[What to work on]
Pick out each line with the word "Photo" from the material that follows.

__________

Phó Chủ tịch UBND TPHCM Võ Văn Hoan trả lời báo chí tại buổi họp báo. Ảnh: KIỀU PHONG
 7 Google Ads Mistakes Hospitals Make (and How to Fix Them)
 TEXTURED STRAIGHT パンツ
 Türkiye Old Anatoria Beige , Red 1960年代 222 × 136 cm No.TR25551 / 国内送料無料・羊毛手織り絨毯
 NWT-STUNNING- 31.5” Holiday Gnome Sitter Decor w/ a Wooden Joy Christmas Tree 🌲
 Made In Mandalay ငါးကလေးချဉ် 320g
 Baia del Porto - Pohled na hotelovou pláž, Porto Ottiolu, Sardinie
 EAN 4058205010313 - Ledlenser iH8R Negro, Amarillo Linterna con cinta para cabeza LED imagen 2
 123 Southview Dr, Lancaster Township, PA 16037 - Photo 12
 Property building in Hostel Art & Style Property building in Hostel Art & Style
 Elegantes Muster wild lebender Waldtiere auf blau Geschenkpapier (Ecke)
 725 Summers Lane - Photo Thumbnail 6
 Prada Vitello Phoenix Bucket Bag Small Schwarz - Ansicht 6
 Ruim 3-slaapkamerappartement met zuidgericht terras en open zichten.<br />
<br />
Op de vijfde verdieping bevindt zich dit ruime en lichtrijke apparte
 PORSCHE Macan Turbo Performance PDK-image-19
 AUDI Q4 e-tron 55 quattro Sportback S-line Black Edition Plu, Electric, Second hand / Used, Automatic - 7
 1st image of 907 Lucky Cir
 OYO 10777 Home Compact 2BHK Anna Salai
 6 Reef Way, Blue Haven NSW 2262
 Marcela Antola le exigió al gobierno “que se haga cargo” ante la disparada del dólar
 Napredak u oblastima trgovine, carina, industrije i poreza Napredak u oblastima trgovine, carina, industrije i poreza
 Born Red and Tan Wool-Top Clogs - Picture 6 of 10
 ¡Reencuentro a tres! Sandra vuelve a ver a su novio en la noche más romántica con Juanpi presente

__________

[Completed task]
 123 Southview Dr, Lancaster Township, PA 16037 - Photo 12
 725 Summers Lane - Photo Thumbnail 6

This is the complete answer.